I tried making these before, with a different recipe that used jam instead of actual blueberries. It turned out pretty bad, they got way too brown, didn't rise right and I ended up needing to add almost a cup of extra flour.
This one wasn't anything like that! The dough came together really nicely and was simple to make. The one major thing I changed in the recipe was I used fresh blueberries. It says explicitly not to, but I had a really nice pint of them and I wasn't going out to buy frozen ones with them in front of me. The reasoning was that they didn't release juice the same. That does depend on the berries. I let mine sit for a good half hour with the sugar and cornstarch on them (the entire time it took me to make the dough and roll it out) and the amount of syrupy juice was amazing, even in that small amount of time. If you only have frozen, or want to use frozen go ahead! But I wouldn't go out of your way to buy them if you have fresh ones or there's a good deal at the grocery store.
(Adapted from Here)
2 and 1/2 cups all-purpose flour
3 Tablespoons white sugar
1 teaspoon salt
2 1/4 teaspoons yeast
1/4 cup water
1/2 cup milk
2.5 Tablespoons unsalted butter
1 pint (11 oz) blueberries
1/4 cup granulated sugar
1 teaspoon cornstarch
Juice from 1 large lemon
Zest from lemon
1 cup powdered sugar
1-2 Tablespoons milk
1. Filling first! Combine the blueberries, sugar, and cornstarch in a bowl. Stir together, don't worry if you mash up a blueberry here and there, it adds to the juice. Let sit while you prepare the dough.
2. Dough! In a large bowl or electric mixing bowl, put the dry ingredients - flour, sugar, salt, and yeast together until evenly dispersed.

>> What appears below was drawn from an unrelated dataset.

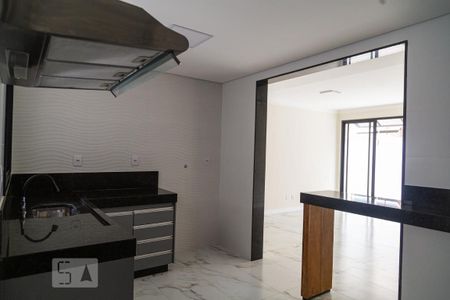 Apartamento para alugar com 158m², 3 quartos e 3 vagas Apartamento para alugar com 158m², 3 quartos e 3 vagasCozinha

3. Heat the water, milk, and butter together in the microwave until the butter is melted and the mixture is warm. Most yeast can only deal with about 105º, so if you go over that let it cool a bit before adding it. I did mine for 1 minute on power 6 in my microwave, stir is together once it comes out, the butter may separate.
4. Stir the wet ingredients into the dry, I added slowly to my mixer while it was going. Add the egg at the end. You may need a bit more flour here depending on your dough. It is ready when it cleans the sides of the bowl and is shiny and stretchy.
5. On a lightly floured surface, knead the dough a couple times to ensure everything is mixed in well. Place in a lightly greased bowl and let rest for 5-15 minutes.
6.After resting, roll the dough out in a rectangle, mine was around 16 inches by 10 inches. I find it helps to get a rectangle quickly if you sort of shape the dough in to a rectangle instead of a ball. Pour the sugared blueberries on top and evenly disperse them on the dough. Roll the dough up from the long edge so your roll will be the longest it can be.
7. Cut into even pieces, I made 9, and place in greased or parchment lined pan, I used a 9x9 square. Loosely cover the rolls with a damp towel and allow to rise in an oven you've preheated and turned back off. Place rolls inside oven and allow to rise. You won't want to refrigerate these now, they won't puff back up.
8. After the rolls have doubled in size, about 2 hours, take out of the oven and preheat to 375ºF. Bake for 25-30 minutes until lightly browned. Cover them about half way through with loose aluminum foil or they will get quite brown and crispy.
9. Before serving, mix all of the glaze ingredients together. For a thicker glaze add more powdered sugar or less lemon juice or vice versa for thinner.
10. Glaze right before serving, ideally when they are still warm (not hot) right out of the oven.